### Work request
When copying the data below, keep only the lines from the one with "Chiclover Cream Ribbed" through the one with "Customized Floor Length", word for word, and skip the pictures.

[Scraped caption text data]
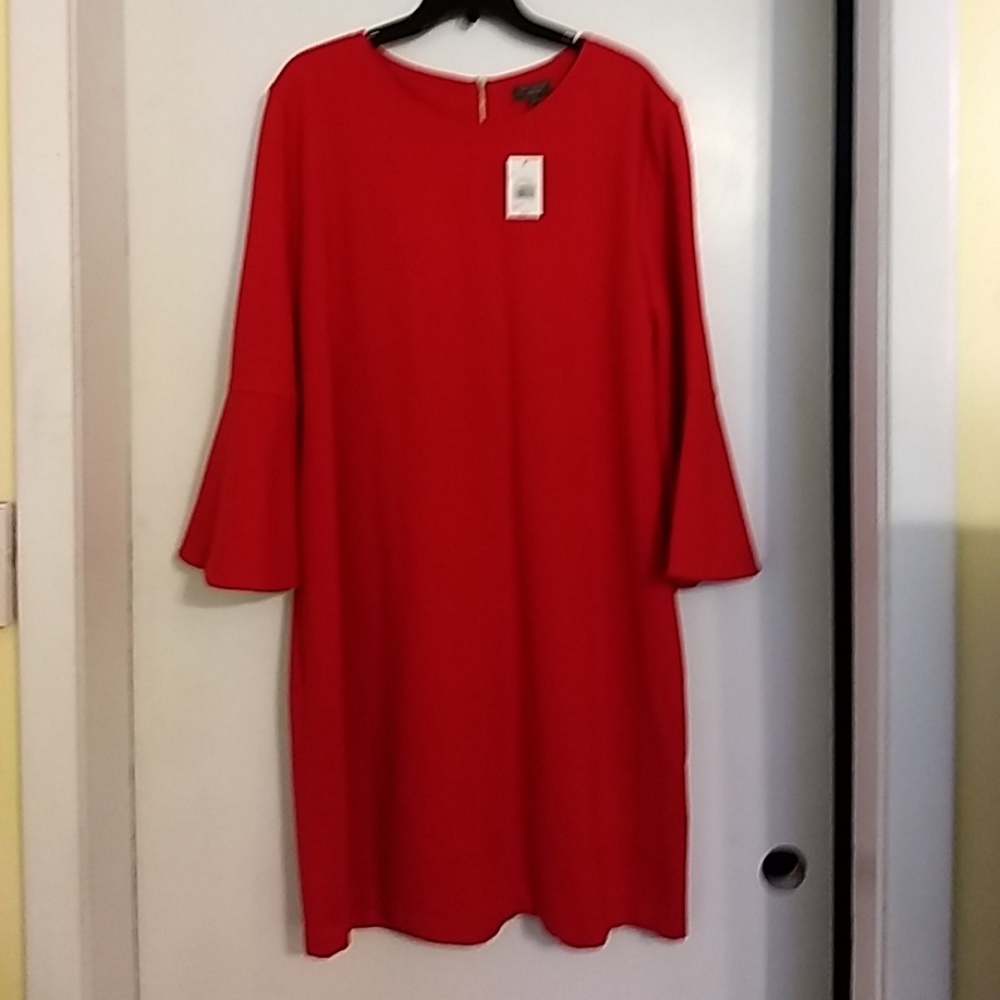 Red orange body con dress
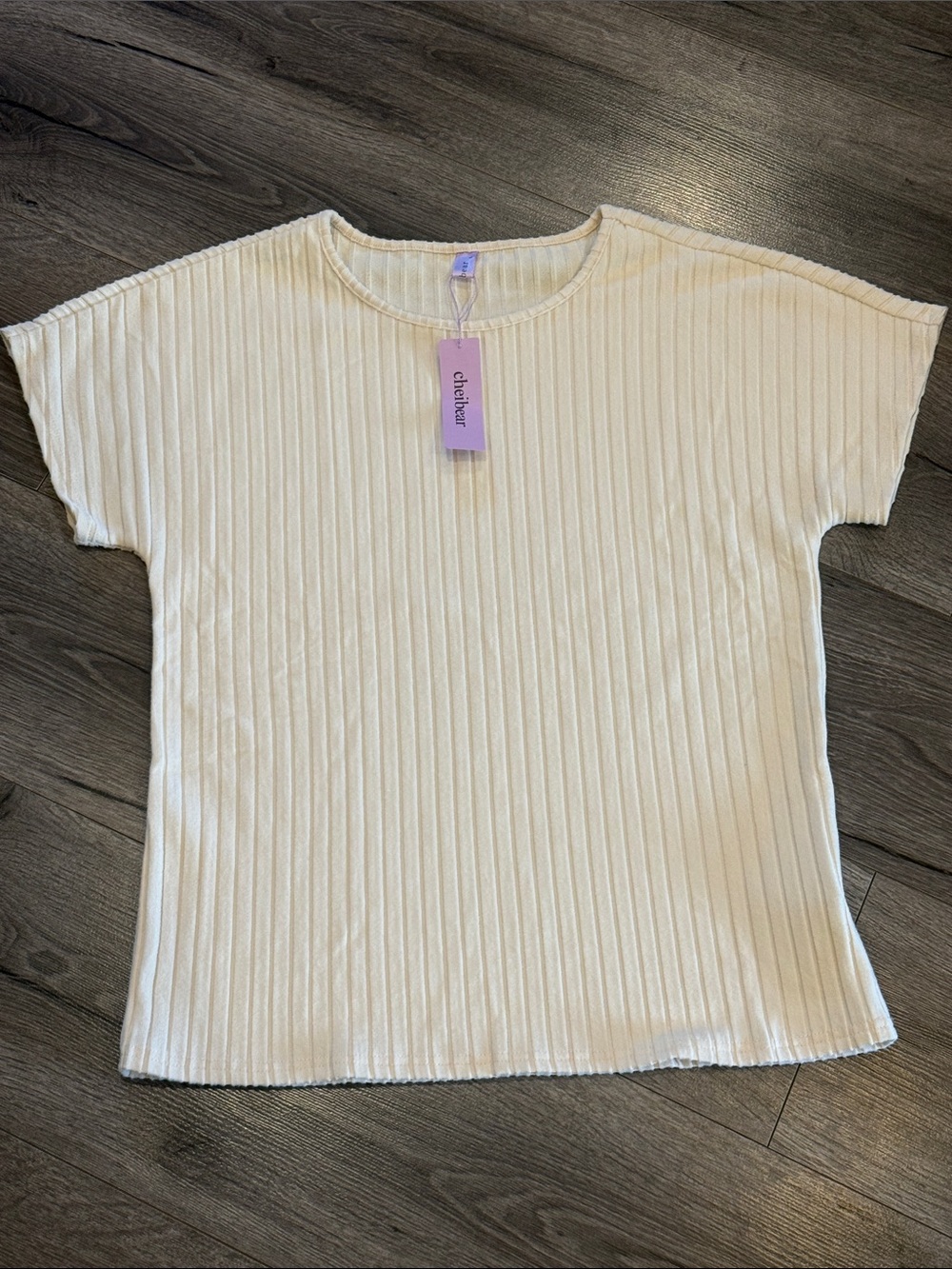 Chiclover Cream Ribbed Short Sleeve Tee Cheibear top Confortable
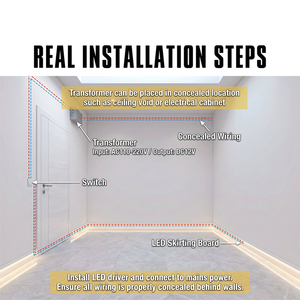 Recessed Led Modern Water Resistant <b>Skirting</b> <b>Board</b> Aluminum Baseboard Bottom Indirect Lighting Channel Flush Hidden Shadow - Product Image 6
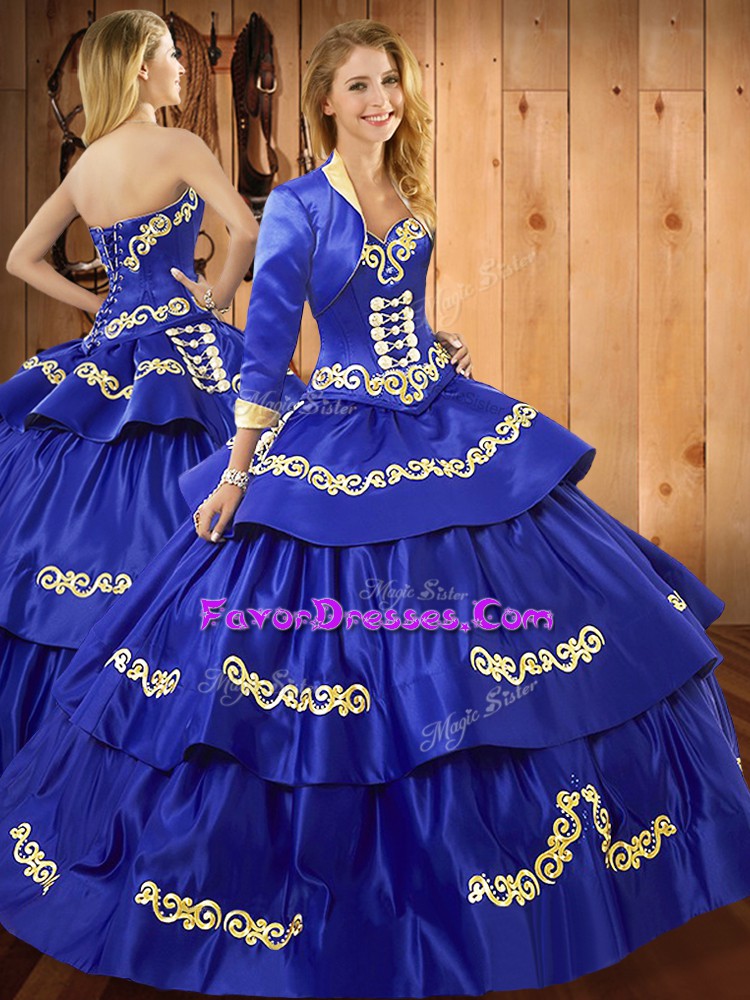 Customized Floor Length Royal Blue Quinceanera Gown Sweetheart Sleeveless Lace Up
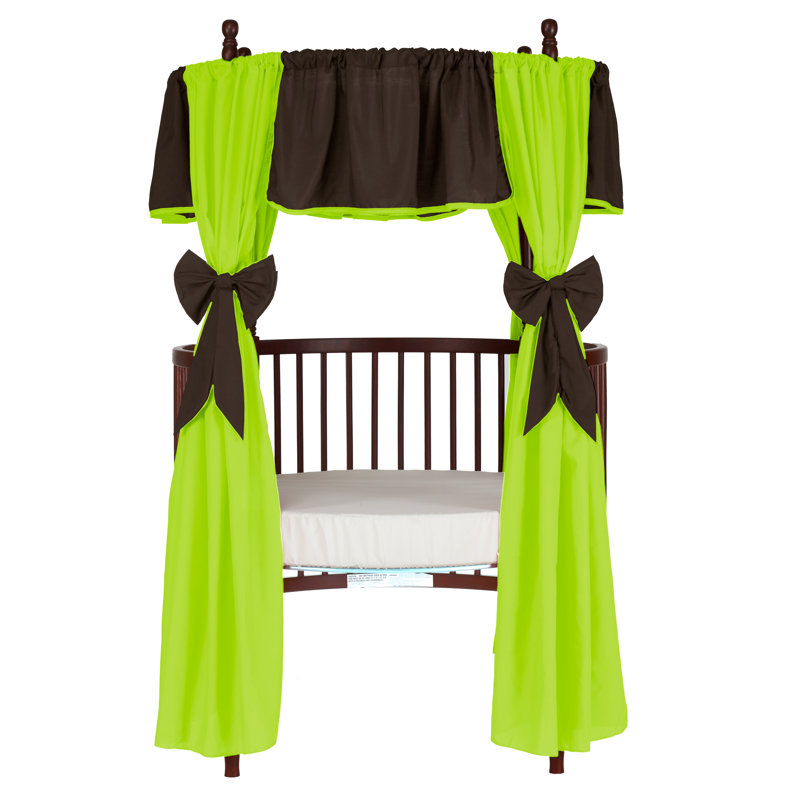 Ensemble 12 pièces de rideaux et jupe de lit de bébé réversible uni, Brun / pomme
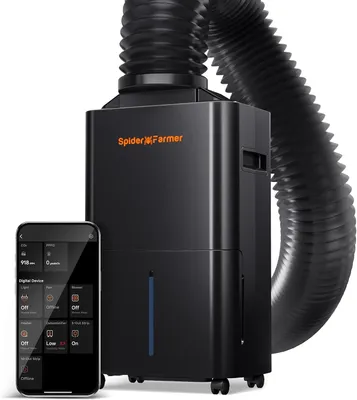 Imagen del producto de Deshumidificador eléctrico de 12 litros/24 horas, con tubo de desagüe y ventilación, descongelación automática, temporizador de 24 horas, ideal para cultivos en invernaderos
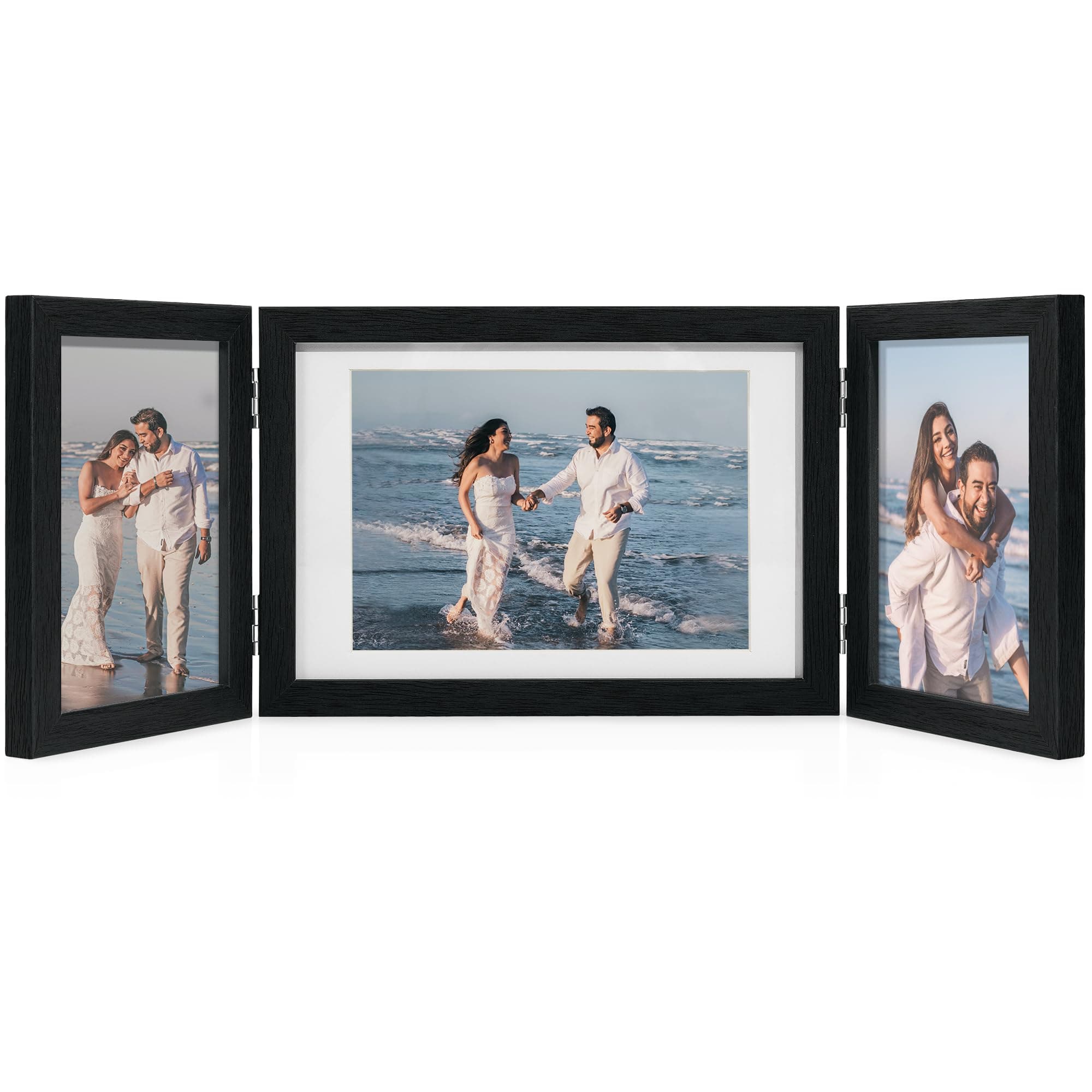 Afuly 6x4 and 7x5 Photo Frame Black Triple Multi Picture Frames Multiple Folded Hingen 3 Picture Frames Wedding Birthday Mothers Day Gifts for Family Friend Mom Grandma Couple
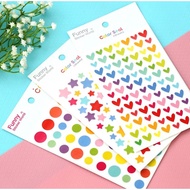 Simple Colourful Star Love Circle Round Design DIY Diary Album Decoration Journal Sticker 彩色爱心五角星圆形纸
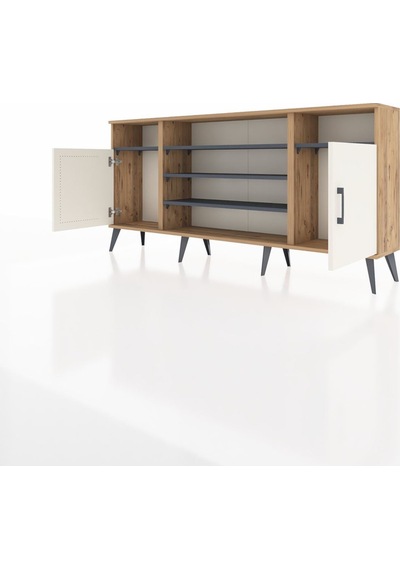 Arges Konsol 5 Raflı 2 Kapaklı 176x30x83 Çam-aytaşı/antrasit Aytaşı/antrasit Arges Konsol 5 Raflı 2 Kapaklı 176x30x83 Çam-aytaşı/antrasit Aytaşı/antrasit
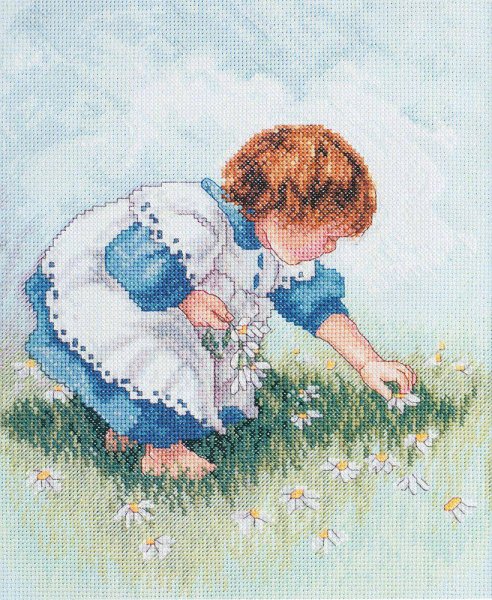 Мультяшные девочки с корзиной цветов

### Output
 Chiclover Cream Ribbed Short Sleeve Tee Cheibear top Confortable
 Recessed Led Modern Water Resistant <b>Skirting</b> <b>Board</b> Aluminum Baseboard Bottom Indirect Lighting Channel Flush Hidden Shadow - Product Image 6
 Customized Floor Length Royal Blue Quinceanera Gown Sweetheart Sleeveless Lace Up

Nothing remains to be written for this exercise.